== Segment start ==

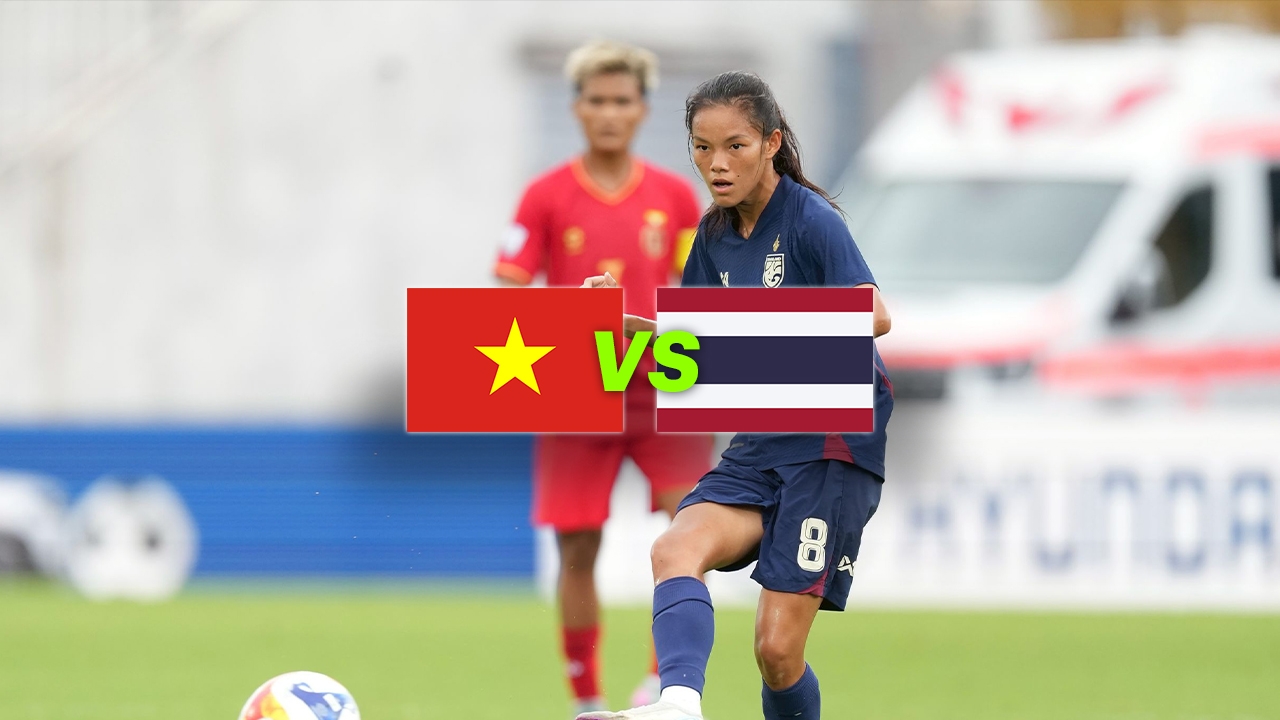 ช่องทางถ่ายทอดสด ฟุตบอลหญิงชิงแชมป์อาเซียน คู่ชิงอันดับ 3 "เวียดนาม VS ไทย"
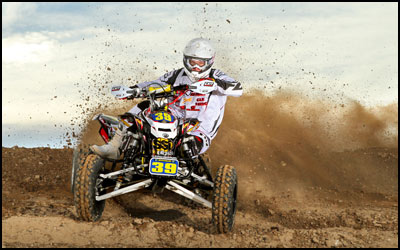 FASST Co.'s #39 Collins Webster - Can-Am DS 450 Sport ATV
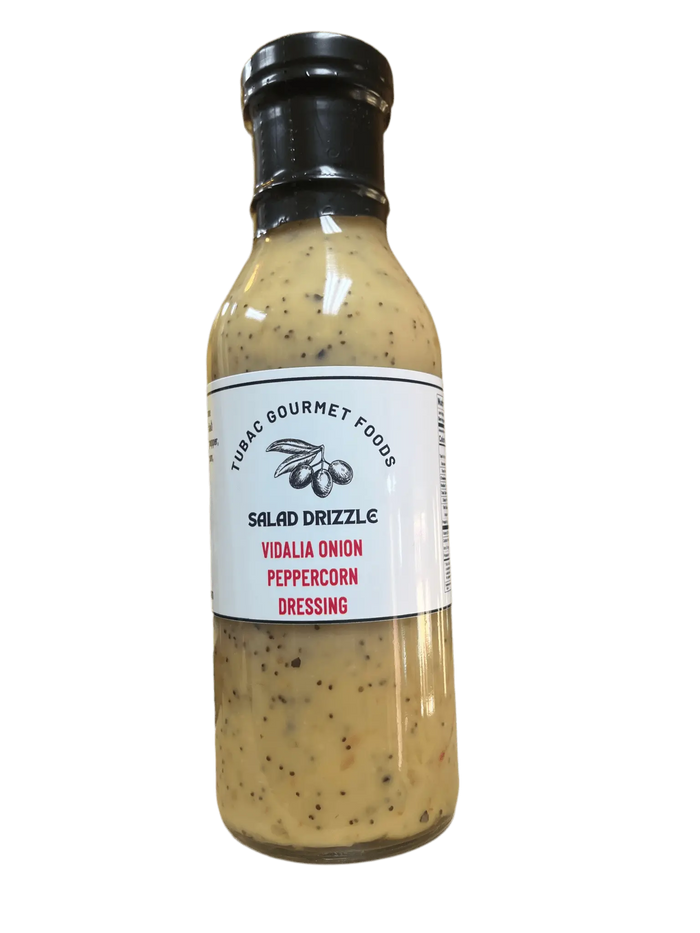 Vidalia Onion Peppercorn Salad Drizzle - Tubac Gourmet Foods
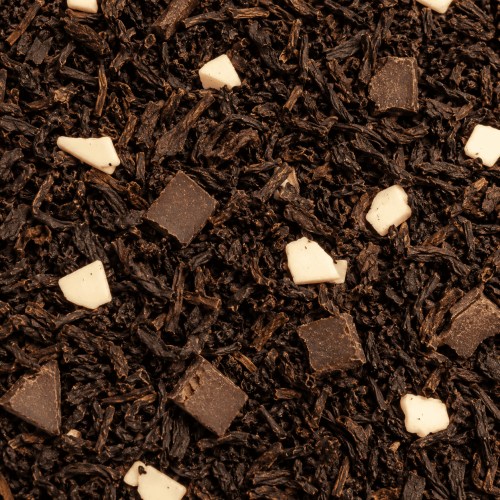 Thé Pu-erh parfumé - Elixir Chocolat Vanille - Louvins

== Segment end ==

- Required action
Every line of the material must be returned verbatim, and pictures must be left behind.

- Response to this exercise
 ช่องทางถ่ายทอดสด ฟุตบอลหญิงชิงแชมป์อาเซียน คู่ชิงอันดับ 3 "เวียดนาม VS ไทย"
 FASST Co.'s #39 Collins Webster - Can-Am DS 450 Sport ATV
 Vidalia Onion Peppercorn Salad Drizzle - Tubac Gourmet Foods
 Thé Pu-erh parfumé - Elixir Chocolat Vanille - Louvins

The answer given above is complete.